Выбрать главу

У него диссонантные городские пейзажи крайне интенсивны: здесь смешиваются запахи цветов и гудрона, газовый свет с красками вечернего неба, радостные крики с жалобными стонами, и все это контрастирует с мощным размахом ямбов и александринов. Извлеченные из банальности, как наркотики из ядовитых растений, они лирически трансформируются в противоядие от «постыдной пошлости». Отвратительное, уродливое преображается изысканностью тона и обретает ту «гальваническую вибрацию» (frisson galvanique), которой Бодлер восхищался у Эдгара По. Запыленные окна в дождевых промоинах, блеклые серые фронтоны, металлическая прозелень, рассветы, как жирное, грязное пятно, как звериный сон девок, громыханье омнибусов, безгубые лица, старухи, духовая музыка, напоенные желчью газные яблоки, тошнотворные запахи – таковы эскизы его поэтически «гальванизированного» нового времени. Аналогичное можно встретить и у Элиота.

Эстетика безобразного

Бодлер часто говорит о красоте. Однако в его лирике она удалена в область техники стиха и языковых вибраций. Лирические объекты более не отвечают традиционным понятиям о красоте. Бодлер использует многозначные, парадоксальные приемы с целью придать красоте агрессивность и «колорит отчужденности». Чтобы защититься от банального, чтобы провоцировать банальный вкус, должна она быть странной. «Чистая и странная» – так звучит одно из его определений красоты. Но непреодолимо желает он безобразного как эквивалента приоткрытым тайнам, разлома, прорыва для взлета в идеальное. «В безобразном чувствует лирик новое волшебство». Искаженное шокирует, провоцирует «неожиданное нападение». Решительней, чем раньше, утверждается анормальность как предпосылка нового дикта и одна из его основ. Раздраженность против банального и привычного ощущается, по мнению Бодлера, и в традиционной красоте. Новая, соединенная с «безобразным», красота обретает свою энергию через сближение с банальным при одновременной деформации к странному и через «сочетание ужасного с шутовским», как сказано в одном письме.

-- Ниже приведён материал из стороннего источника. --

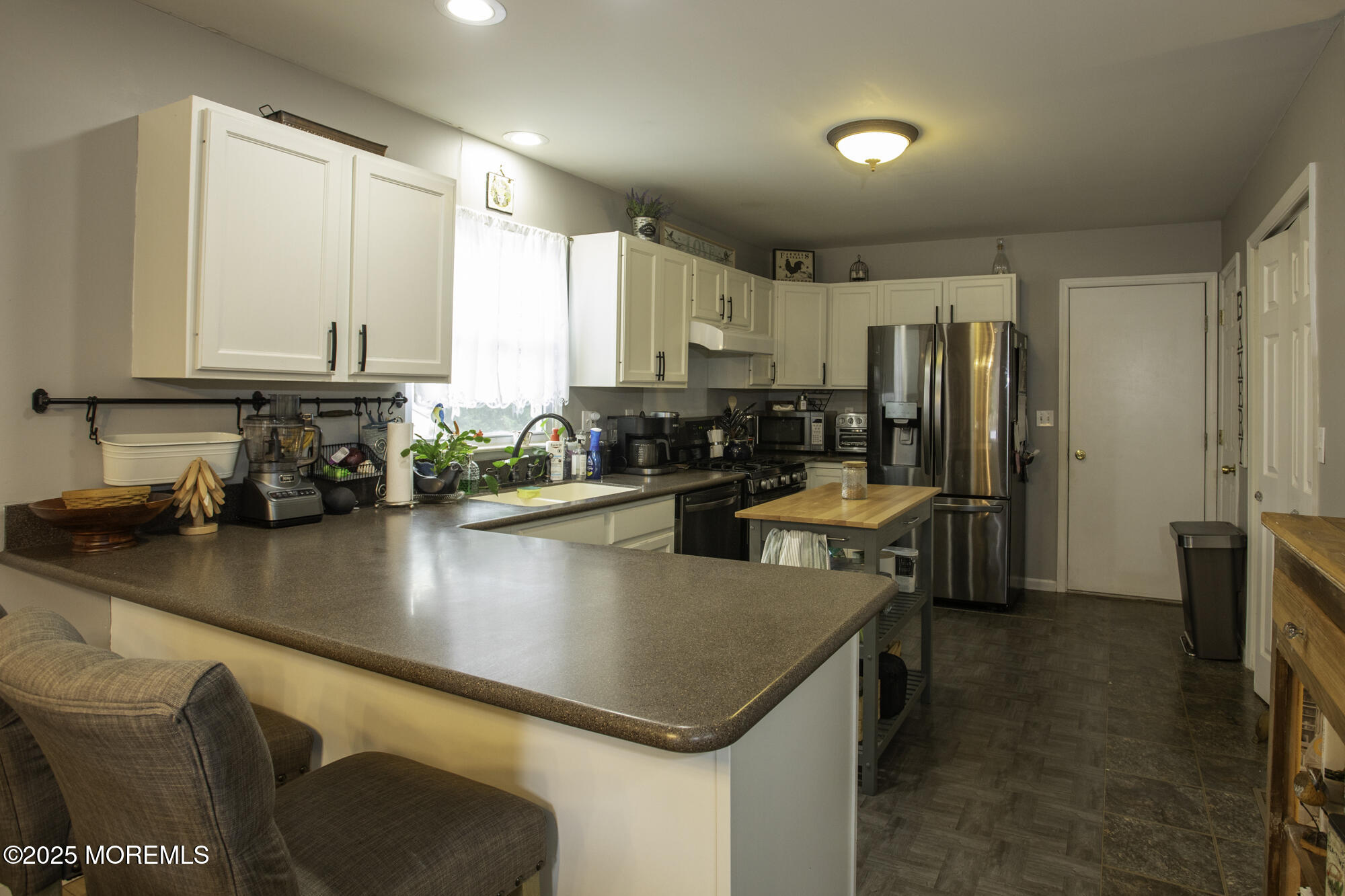 49 Oxycocus Road Manahawkin, NJ 08050 - Photo 9 of 25 49 Oxycocus Kitchen 2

Это – развитие соображений, начатых Фридрихом Шлегелем с его «трансцендентальной буффонадой» и Виктором Гюго с его теорией гротеска. Бодлер приветствовал название сборника Эдгара По «Tales of the Grotesque and the Arabesque» [22] (1840), «так как гротеск и арабеск вызывают гримасы, искажают взгляд». У Бодлера гротеск отнюдь не родственник юмора. С негодованием на «примитивно комическое» восхваляет он «кровавую шутовскую игру» карикатур Домье, развивает «метафизику абсолютно комического», видит в гротеске столкновение идеального с дьявольским и размышляет над понятием, которому суждено будущее, – над понятием абсурда. Свой собственный, по сути общечеловеческий, опыт растерзанности между экстазом и бездной выводит он из «закона абсурда». Этот закон повелевает человеку «выражать страдание посредством смеха». Бодлер говорит о «могуществе абсурда» вообще и, в частности, во сне, поскольку там невероятное происходит «с жестокой логикой абсурда». Абсурд раскрывает горизонты ирреальности, куда стремились Бодлер и его последователи, чтобы вырваться из границ окружающего мира.

«Аристократическое удовольствие: не нравиться публике»

Поэзия, которая оперирует подобными понятиями, провоцирует или отталкивает читателя. Разрыв между автором и публикой, намеченный со времен Руссо, еще как-то мелодически сглаживался излюбленной романтической темой об одиноком поэте. Бодлер транспонировал тему в более резкую тональность, придал ей агрессивный драматизм. С тех пор это стало одной из характеристик европейского искусства и поэзии – даже там, где шок специально не запланирован, даже в произведениях, не лишенных позитивной эмоциональности. Бодлер, однако, имел такой специальный план. У него встречается примечательное выражение: «аристократическое удовольствие: не нравиться публике»; он называет «Fleurs du Mal» «мучительной радостью сопротивления» и «плодом ненависти», хочет, чтобы поэзия вызывала «нервный шок», раздражала читателя непонятностью. «Поэтическое сознание, когда-то неиссякаемый источник радости, превратилось теперь в арсенал разнообразных орудий пыток». Здесь гораздо более, нежели подражание романтической манере. Внутренний диссонанс поэзии обернулся диссонансом между произведением и читателем.

Руины христианства

Подобный внутренний диссонанс не стоит разбирать в подробностях. Это, в сущности, уже упомянутый основной диссонанс между возвышенным идеалом и сатанизмом. Здесь проступает содержательный признак поздней лирики, который мы назвали стерильной идеальностью.